İlgili maddedenin  birinci fıkrasında kişilerin özel hayatını ihlal edenlerin bir yıldan üç yıla kadar cezalandırılacağı devamı fıkralarında ise sonuç cezayı artıran suçun nitelikleri halleri sayılmıştır. Peki hal böyle iken taraflardan birinin sosyal medya paylaşımları veya içerikleri hiçbir suretle boşanma davasında delil olamayacak mıdır? Zinanın, sadakat yükümlülüğünün ihlalinin ya da diğer boşanma sebeplerinin gerekçesi olan hususlar dava dosyasına kazandırılamayacak mıdır? Sosyal Medya Paylaşımlarını veya içeriklerini boşanma davasında kullanamayacak mıdır? Bu soruların cevabı yüksek yargı kararları ışığında ve hukuka uygun delilin neler olduğu konusunda yapacağımız açıklamalar ile ifade etmeye çalışacağız

Sosyal Medya Kayıtları Boşanma Davasında Nasıl Hukuka Uygun Hale Gelir?

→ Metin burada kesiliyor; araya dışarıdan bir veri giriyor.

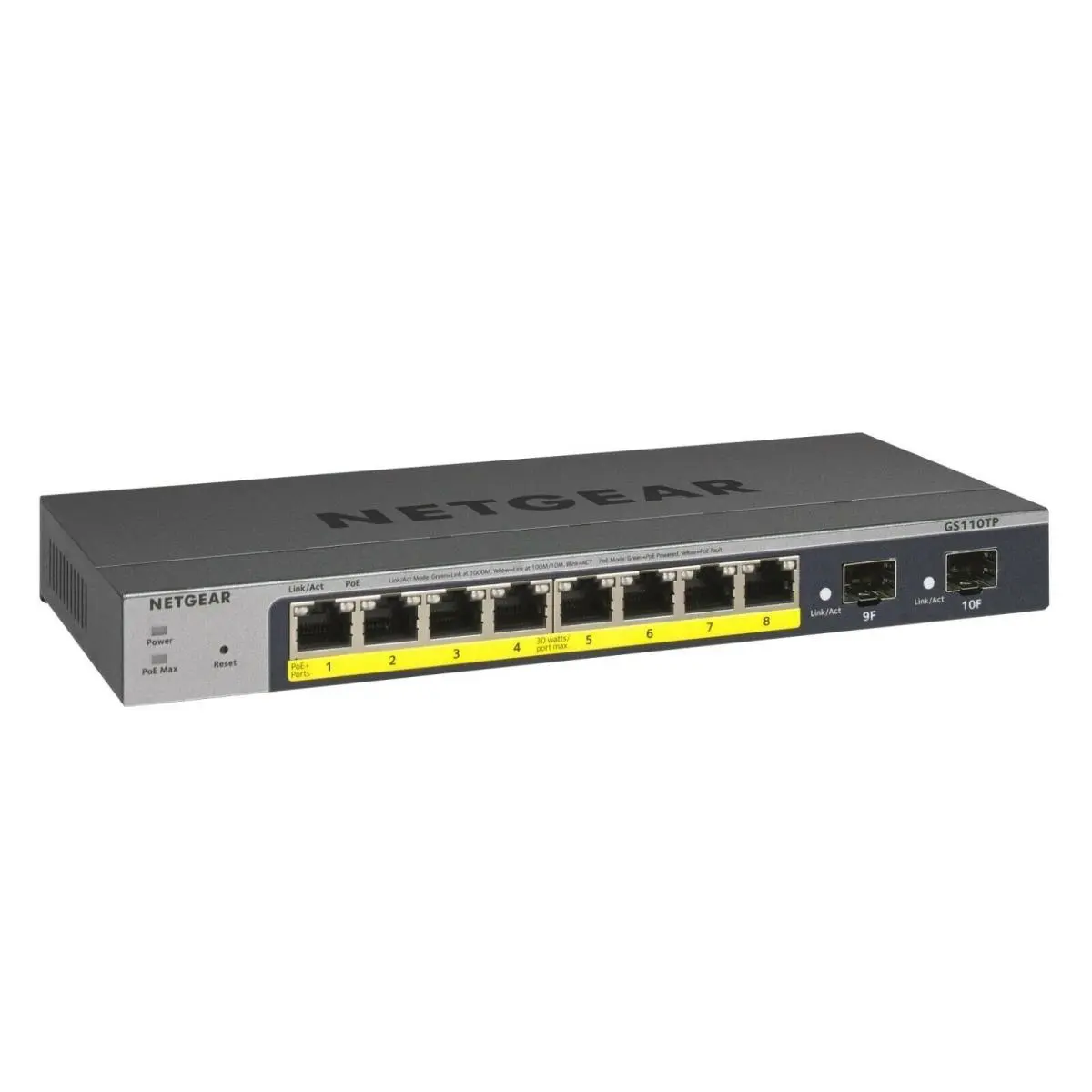 NETGEAR GS110TP-300NAS Smart Managed Pro Power Over Ethernet Network Switch - 8-Port Gigabit PoE Plus Ethernet, Environmentally Friendly, Expansion Slot, Versatile Media Type Support, Power Over Ethernet Network Switches & Poe
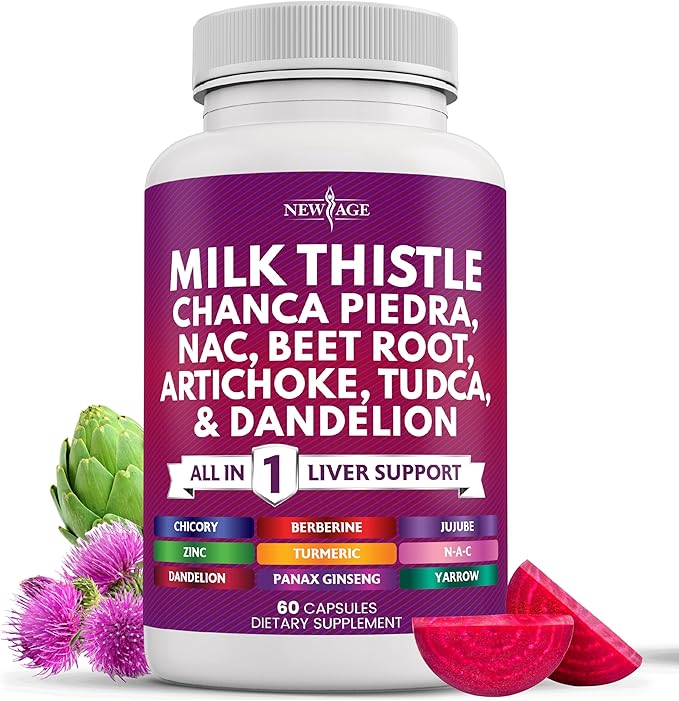 NEW AGE Milk Thistle NAC Chanca Piedra Beet Root Artichoke Dandelion Root Astragalus - Plus TUDCA & Ginger - 60 Count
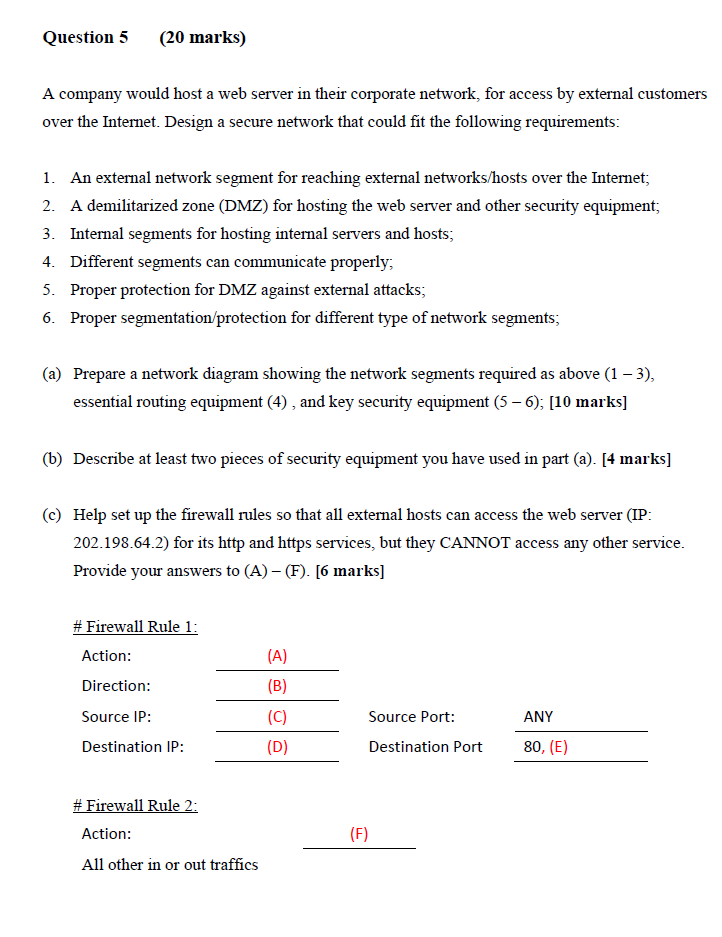 Question 5 (20 marks) A company would host a web | Chegg.com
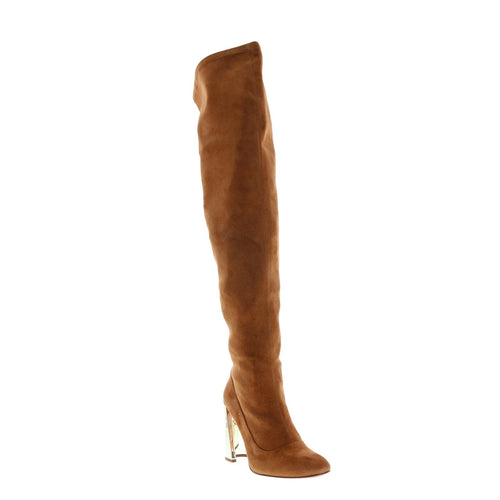 BCBG Max Azria Bea Stretch Kidsuede Womens Brown Over The Knee Boots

Sosyal Medya paylaşımları, mesajları ya da kayıtlarının boşanma davalarında delil olarak kullanılabilmesi için hukuka uygun olarak ele geçirilmesi gerekmektedir. Bu sebeple konunun daha iyi anlaşılabilmesi için delilin ve hukuka uygun deliliğin ne olduğu hususları üzerinde durmak yerinde olacaktır. Delil, ispat olarak nitelendirilmekle birlikte dava konusu olayın veya hakkın ya da ona karşı yürütülen savunmanın dayandığı vakıaların gerçekte var olup olmadığı yönünde mahkemede bir kanaat uyandırmaya yönelik faaliyetler bütünü olarak tanımlanmaktadır. (Kuru, Baki, Medeni Usul Hukuku, Yetkin Kitabevi, Ankara, 2018, s. 232;)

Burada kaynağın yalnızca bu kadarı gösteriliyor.